Salone News

Education service delivery beyond where the roads end

1 November 2020 at 17:16 | 805 views

By Dr. David Sengeh, Minister of Basic and Senior Secondary Education, Sierra Leone

We are on the last leg of my nationwide district tour and community engagement.

Today took us to Falaba- a district low on nearly all development indices but one that is rich in culture, music and powerful women community leaders. Here, there are deplorable roads that require passengers to descend (now I understand how and why some exam centers didn’t receive materials in time). In some areas, the roads are not motorable but there we still went.
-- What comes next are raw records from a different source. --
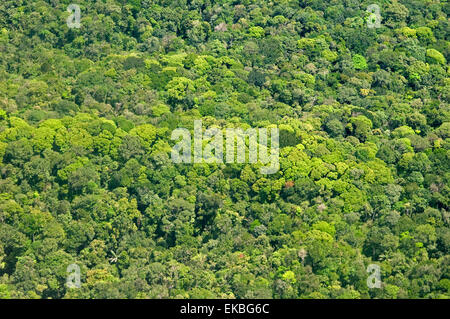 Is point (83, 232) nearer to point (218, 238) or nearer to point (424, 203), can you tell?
point (218, 238)

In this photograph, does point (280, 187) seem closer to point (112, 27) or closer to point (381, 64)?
point (381, 64)

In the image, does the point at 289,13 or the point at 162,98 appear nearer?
the point at 162,98

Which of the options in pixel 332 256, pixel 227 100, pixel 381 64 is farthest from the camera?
pixel 381 64

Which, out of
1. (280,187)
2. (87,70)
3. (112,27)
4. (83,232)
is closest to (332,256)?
(280,187)

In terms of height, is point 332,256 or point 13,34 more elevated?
point 13,34

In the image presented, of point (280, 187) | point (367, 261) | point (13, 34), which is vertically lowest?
point (367, 261)

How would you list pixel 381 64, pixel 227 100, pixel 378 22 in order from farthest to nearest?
pixel 378 22
pixel 381 64
pixel 227 100

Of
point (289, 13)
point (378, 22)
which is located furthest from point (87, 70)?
point (378, 22) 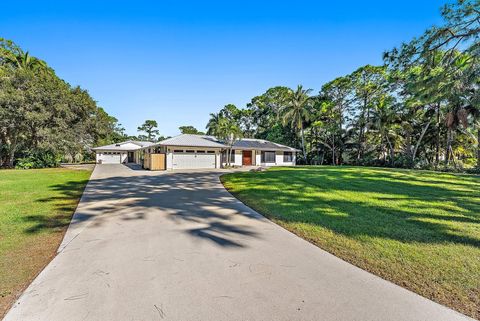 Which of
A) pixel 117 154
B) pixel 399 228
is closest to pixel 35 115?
pixel 117 154

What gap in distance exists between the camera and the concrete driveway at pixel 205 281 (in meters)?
2.35

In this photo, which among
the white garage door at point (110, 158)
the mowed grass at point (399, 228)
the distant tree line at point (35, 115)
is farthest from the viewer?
the white garage door at point (110, 158)

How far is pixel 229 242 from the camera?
4.26 meters

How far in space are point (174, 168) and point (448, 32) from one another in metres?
19.5

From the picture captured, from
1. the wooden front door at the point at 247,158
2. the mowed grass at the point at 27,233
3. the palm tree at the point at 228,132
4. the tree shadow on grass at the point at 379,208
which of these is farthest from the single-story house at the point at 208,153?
the tree shadow on grass at the point at 379,208

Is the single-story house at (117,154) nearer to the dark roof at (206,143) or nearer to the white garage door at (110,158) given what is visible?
the white garage door at (110,158)

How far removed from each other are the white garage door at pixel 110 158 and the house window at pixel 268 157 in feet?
76.0

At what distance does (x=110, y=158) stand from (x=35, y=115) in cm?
1553

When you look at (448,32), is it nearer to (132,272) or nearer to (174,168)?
(132,272)

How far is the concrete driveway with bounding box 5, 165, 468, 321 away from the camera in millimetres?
2350

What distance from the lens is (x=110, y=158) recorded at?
116 feet

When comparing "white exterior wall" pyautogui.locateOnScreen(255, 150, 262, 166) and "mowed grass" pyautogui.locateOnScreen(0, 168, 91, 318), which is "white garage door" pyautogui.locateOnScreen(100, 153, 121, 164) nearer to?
"white exterior wall" pyautogui.locateOnScreen(255, 150, 262, 166)

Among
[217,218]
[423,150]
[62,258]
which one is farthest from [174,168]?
[423,150]

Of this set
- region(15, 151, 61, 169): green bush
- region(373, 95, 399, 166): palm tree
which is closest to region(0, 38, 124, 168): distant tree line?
region(15, 151, 61, 169): green bush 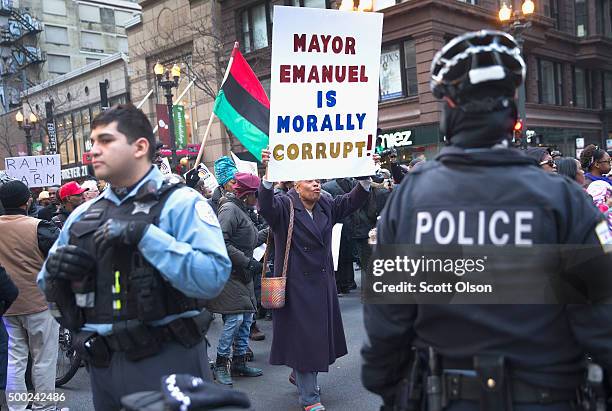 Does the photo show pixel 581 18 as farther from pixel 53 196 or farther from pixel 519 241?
pixel 519 241

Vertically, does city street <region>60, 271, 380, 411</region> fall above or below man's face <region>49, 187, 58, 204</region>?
below

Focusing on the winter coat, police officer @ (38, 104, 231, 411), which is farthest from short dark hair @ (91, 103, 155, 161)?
the winter coat

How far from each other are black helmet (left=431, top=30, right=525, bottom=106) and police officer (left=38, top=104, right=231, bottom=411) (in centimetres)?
135

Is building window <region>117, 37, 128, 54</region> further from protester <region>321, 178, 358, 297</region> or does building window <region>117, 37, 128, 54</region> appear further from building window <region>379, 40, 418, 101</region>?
protester <region>321, 178, 358, 297</region>

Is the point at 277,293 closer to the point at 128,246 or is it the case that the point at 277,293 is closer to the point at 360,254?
the point at 128,246

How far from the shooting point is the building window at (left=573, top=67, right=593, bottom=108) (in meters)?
29.0

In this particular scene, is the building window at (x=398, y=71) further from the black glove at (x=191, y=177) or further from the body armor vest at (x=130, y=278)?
the body armor vest at (x=130, y=278)

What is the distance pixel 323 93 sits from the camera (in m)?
4.93

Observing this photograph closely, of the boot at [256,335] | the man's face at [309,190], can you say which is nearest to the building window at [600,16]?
the boot at [256,335]

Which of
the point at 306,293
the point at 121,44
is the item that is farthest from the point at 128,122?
the point at 121,44

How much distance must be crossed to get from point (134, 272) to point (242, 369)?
368 cm

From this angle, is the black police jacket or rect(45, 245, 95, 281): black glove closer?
the black police jacket

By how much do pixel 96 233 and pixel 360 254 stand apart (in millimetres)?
7549

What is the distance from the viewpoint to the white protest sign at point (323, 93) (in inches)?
187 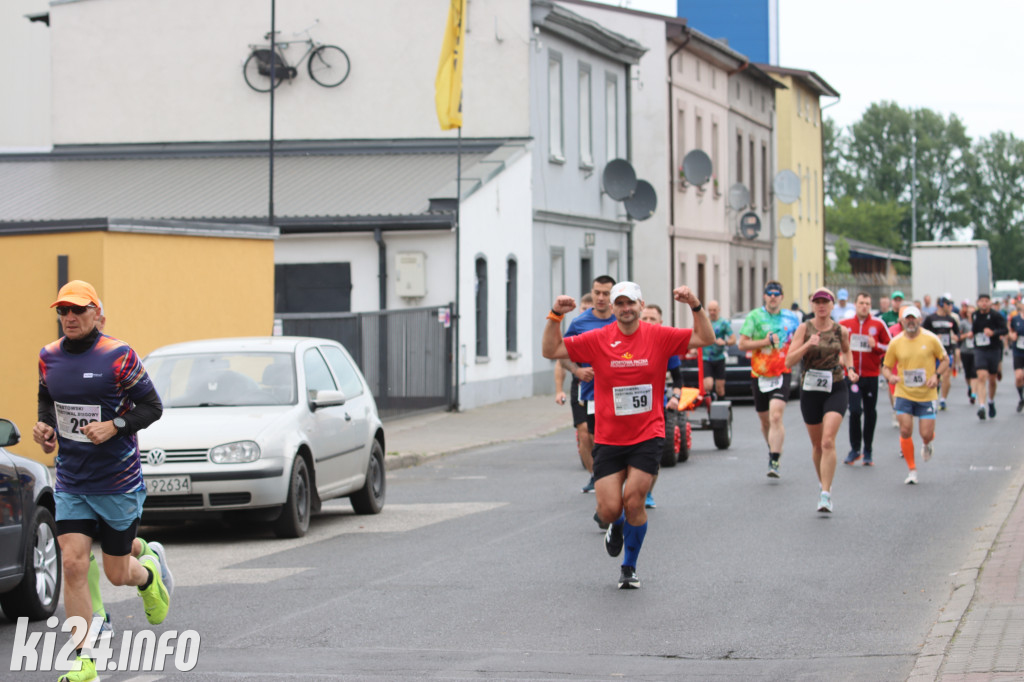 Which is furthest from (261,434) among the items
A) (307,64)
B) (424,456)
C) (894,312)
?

Firstly, when the people of Falaba Town and it’s nearby chiefdoms sent our government messages (through the VP, the MPs and other stakeholders), they asked for examination centers for their children. As a #KombraGovernment, we listened to them and we honored their request for all transition exams. The chiefs and everyone couldn’t stop thanking Government for transforming their community through such a gesture from my Ministry. This is what should happen when Government works for its people. We make promises, you vote for us, we win, you remind us of our promises, we do them, and then you vote for us again.

Quality education has been improving the last two years as the stakeholders reported. I met Gulu- the girl child who scored the highest NPSE marks in the entire district in this 2020 exams.

Secondly, everyone in the district is clear on their priorities for education. All 10+ chiefs, the Paramount Chief from Sinkunia, parents, pupils, etc all want Falaba to be known for its outputs in education and I’ll ensure I support them. I promised the DD a vehicle and will prioritise the district for placement of supervisors of schools. If you are from Falaba, your people need you to return and teach your brothers and sisters. We recently established new JSS schools in 16 chiefdoms that didnt have any. We advertised for teachers but they dont want to go to remote areas.

Finally, the effects of President Bio’s School Feeding Program as part of FQSE was very apparent. Every testimony from kids, parents, teachers, cooks, etc point to how their lives have been transformed from school meals. Enrollment, Completion and Transition metrics have all increased through FQSE. Next time someone implies we have reduced quality in education, please ask them to show you the metrics and data they are using and compare across 2016, 2017, 2018, 2019 and 2020. There’s hardly a metric for which we don’t have a positive effect in general. And the communities here are fully in support of and contribute to the success. For example, families here pay SLL 5,000 ($0.50) every term (3 months) so their children can eat 5 meals a week. They are happy to do this.

We invited our development partners CRS and Plan International to join us on our Falaba and Koinadugu legs because of the tremendous work they do here. CRS is a household name in Falaba and Koinadugu. We thank Paul and his team.

I also had the distinct pleasure of hosting and being guest to Mr. Amara Kallon- Deputy Minister of Public and Political Affairs. He and his brother Umaru Napoleon Koroma- Deputy Minister of Justice, who both hail from here, are complementing Govt efforts greatly in Education. Mr. Kallon served in the capacities of teacher, facilitator, panelist and my guide. We all enjoyed the townhall and learned plenty.

I think we’ll sleep soundly after spending some 6 hours on these (non) roads crossing streams that separate villages and hills.